_Work request_
Your job with the data below is to output exactly the lines from the one holding "Item preview, Geometric" down to the one holding "Room Verney Street in Exeter", both included, and no others.

_Source material_
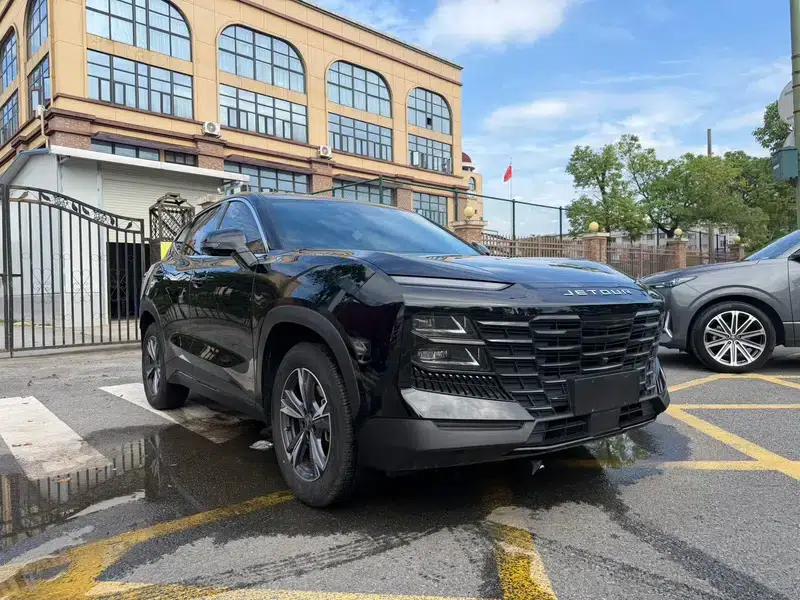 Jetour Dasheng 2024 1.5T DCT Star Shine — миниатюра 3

---

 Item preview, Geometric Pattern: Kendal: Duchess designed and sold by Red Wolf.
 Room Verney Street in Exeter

_Exercise output_
 Item preview, Geometric Pattern: Kendal: Duchess designed and sold by Red Wolf.
 Room Verney Street in Exeter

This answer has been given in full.